Two MRI results — joint capsule edema and thickness at the axillary recess, specifically — proved useful inside of predicting stiff shoulder inside individuals with rotator cuff tears, based on an ahead-of-print article found in the May dilemma of the United states Journal of Roentgenology (AJR).
Studying 106 sufferers with tiny to large (< 5 cm) full-thickness rotator cuff tears, besides joint capsule thickness and edema in the axillary recess, Yoon Yi Kim of Korea’s Veterans Health Services CLINIC assessed obliteration of the subcoracoid extra fat triangle, fatty degeneration of the torn rotator cuff muscle tissue, and level of retraction.
Tear location and sizing were based on MRI results and operative report, although associations between MRI results and preoperative passive flexibility (ROM) were evaluated with basic and numerous linear regression analyses and proportional chances logistic regression research.

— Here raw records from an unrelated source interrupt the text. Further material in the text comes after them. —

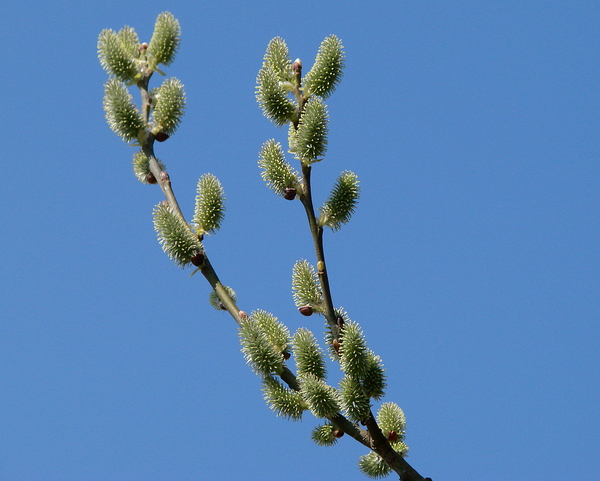 Wilgenkatjes-1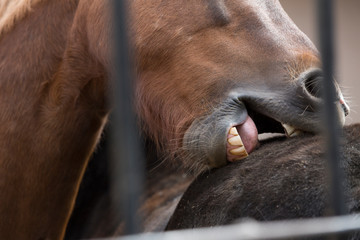 A horse bites another horse behind a fence.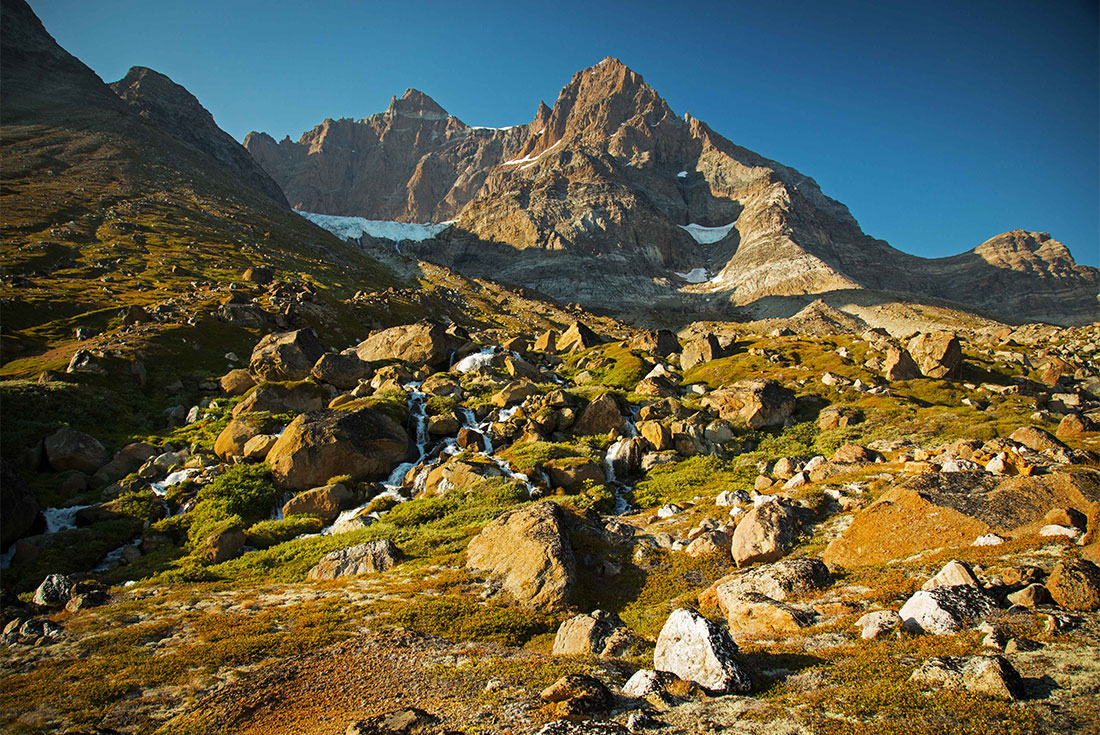 Landscape of greenery and soft streams at Lindenow Fjord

As Kim and co-workers wrote: “There clearly was a significant, bad linear correlation between minimal ROM at forward elevation and thickness of the joint capsule in the glenoid percentage of the axillary recess (p = 0.018), exterior rotation and joint capsule edema inside of the humeral part of the axillary recess (p = 0.011), and internal rotation and joint capsule edema inside the glenoid percentage of the axillary recess (p = 0.007).”

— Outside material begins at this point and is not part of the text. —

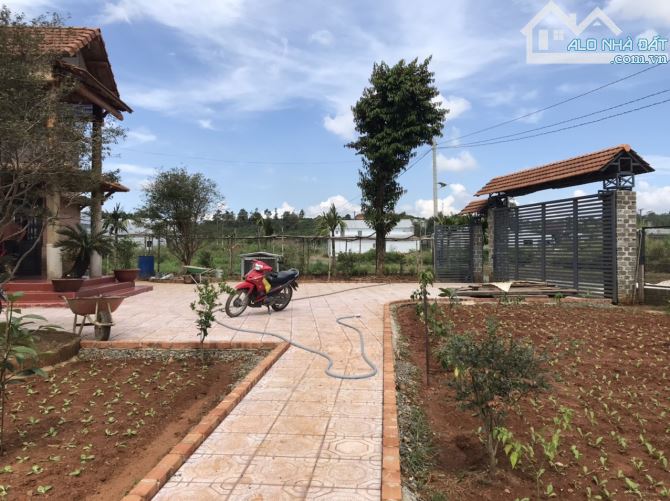 Sân vườn Lộc Châu Bảo Lộc, giáp sông tuyệt đẹp. - 1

Fatty degeneration (p = 0.003) was a completely independent predictor of small ROM on internal rotation. Meanwhile, male sexual intercourse (p = 0.041) and posterosuperior rotator cuff tear (p = 0.030) were independent predictors of shoulder ROM on outside rotation.
” This scholarly research,” Kim et al. observed, “because it could be the first to emphasize joint capsule abnormality on MRI simply because a factor related to stiff shoulder in people with full-thickness rotator cuff tears.”